A long silence followed. And eventually a photo was texted to me of the Fiske Doors, closed and locked as they have been for all these months (another dreadful symbol of the loss of these months), but now with a bank of candles all burning at the foot of the doors: twinkling in the windy, rainy, pandemic-y night, doing what candles are supposed to do on Christmas Eve: reflecting the glow of that ancient star in the east. And reminding me not about anything we had done, but about what God is doing on Christmas, and how un-stoppable God can be!
I got myself one extra gift on Christmas Day: I went to the store and bought a Bic multi-purpose lighter, the kind with the long nozzle, so I could tend those candles. But I have not been tending them alone. Nearly every day it seems that someone places a new candle or two at the doors. I’ve taken away some burnt out candles, and brought out a few more, but others must have been adding to their number. For all twelve days of Christmas - twelve days when we could not have a congregation in church, when all our worship has been online, when the Fiske Doors have remained locked up tight - for all twelve days, candles have been burning in front of those doors.
Those candles look to me both like signs of the prayers of the faithful, getting as close to inside the church as they possibly can. But they also look to me like signs of the light of Christ insisting that it will not be locked inside the closed doors of the church. And they look like signs that God provides what is needed, even when we fear that there will never be enough.

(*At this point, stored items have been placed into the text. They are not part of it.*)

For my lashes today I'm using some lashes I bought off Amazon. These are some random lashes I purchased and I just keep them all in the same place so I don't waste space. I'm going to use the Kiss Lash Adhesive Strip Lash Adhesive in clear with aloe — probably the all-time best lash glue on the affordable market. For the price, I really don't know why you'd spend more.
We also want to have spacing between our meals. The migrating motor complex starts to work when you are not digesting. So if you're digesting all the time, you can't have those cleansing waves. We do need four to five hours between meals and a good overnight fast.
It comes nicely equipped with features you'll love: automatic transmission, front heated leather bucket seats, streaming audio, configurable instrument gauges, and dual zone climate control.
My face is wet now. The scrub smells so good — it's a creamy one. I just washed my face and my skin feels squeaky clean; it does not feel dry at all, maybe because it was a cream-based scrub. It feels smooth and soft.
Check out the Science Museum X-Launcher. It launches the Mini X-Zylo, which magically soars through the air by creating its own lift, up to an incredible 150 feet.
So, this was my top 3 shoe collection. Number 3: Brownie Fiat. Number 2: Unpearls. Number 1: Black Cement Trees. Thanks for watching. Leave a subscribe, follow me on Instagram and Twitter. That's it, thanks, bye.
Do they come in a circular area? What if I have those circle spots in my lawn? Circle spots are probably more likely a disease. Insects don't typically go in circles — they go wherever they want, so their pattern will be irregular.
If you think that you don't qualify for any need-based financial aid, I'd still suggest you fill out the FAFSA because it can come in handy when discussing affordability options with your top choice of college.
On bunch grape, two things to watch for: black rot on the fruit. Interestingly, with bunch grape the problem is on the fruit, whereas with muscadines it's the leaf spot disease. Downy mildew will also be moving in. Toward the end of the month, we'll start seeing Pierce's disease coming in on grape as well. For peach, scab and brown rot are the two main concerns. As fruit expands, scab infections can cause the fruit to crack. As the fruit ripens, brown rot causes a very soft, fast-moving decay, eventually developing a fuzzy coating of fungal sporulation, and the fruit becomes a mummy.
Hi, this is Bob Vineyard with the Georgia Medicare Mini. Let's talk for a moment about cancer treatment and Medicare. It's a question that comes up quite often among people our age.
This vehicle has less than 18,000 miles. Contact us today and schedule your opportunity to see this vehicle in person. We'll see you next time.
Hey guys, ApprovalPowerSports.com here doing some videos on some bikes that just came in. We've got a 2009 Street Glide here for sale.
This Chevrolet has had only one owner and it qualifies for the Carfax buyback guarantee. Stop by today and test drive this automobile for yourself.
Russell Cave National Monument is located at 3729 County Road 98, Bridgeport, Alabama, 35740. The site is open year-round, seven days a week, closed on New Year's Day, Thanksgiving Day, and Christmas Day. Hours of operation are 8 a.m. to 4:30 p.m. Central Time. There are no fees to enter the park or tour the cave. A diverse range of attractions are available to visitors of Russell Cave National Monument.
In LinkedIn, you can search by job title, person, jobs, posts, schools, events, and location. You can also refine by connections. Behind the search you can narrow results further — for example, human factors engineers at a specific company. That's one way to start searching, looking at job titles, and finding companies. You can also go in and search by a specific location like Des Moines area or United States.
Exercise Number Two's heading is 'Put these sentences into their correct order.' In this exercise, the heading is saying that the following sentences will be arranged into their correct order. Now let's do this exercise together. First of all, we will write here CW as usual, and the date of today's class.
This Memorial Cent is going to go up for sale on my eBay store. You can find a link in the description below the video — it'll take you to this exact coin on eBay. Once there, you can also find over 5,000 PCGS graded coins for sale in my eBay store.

Of course, the candles are not gold, frankincense, or myrrh. But who knows what ever became of those curious treasures? They were never the point of the story, anyway. They were never the real gift. They were only the gifts offered in response to a gift given from God: the gift of his Son.
It has not been a miracle that kept candles burning at the Fiske Doors this Christmas, but as far as I am concerned, it has been a manifestation of God’s love to anyone who walks by.
And it has been a manifestation of God’s love to me, whenever I walk past, or go to check on the flames with my multi-purpose Bic lighter, and find that most of the flames have been blown out - but not all.
And, of course, the importance of the Epiphany is not just a reminder that once, all those ages ago the revelation of God’s working was made plain to a handful of wise men from the east. No, it’s an opportunity for us to see how God continues to makes his love in Christ known to the world - how God provides that love through Christ, even when we fear that world might have run all out of love, and there can’t possibly be enough to keep going.
The moral of this Epiphany story might be that the rustic manger is the gift that keeps on giving, since it has been the reason that candles were lighted outside in the first place.
Or, the moral might be that the light of Christ will shine through tempest and storm.
Or the moral might be that the gifts of God’s people are the very thing that allow Christ to be known in the world today, and the God’s manifestation of his love in Christ depends on you, and that you are a marvelous blessing when you bring your light to be a part of the true light that enlightens the whole world.
Why should we have to choose a moral from all the possibilities that remind us that God provides what is needed, even when we fear that there will never be enough?
I’ll miss those candles burning throughout these twelve days of Christmas at the Fiske Doors, which means that when I walk out of the garden gate from the Parish Hall or the Rectory, there’s been a light burning, just to the east. I’ll miss the candles; but I’ll remember them!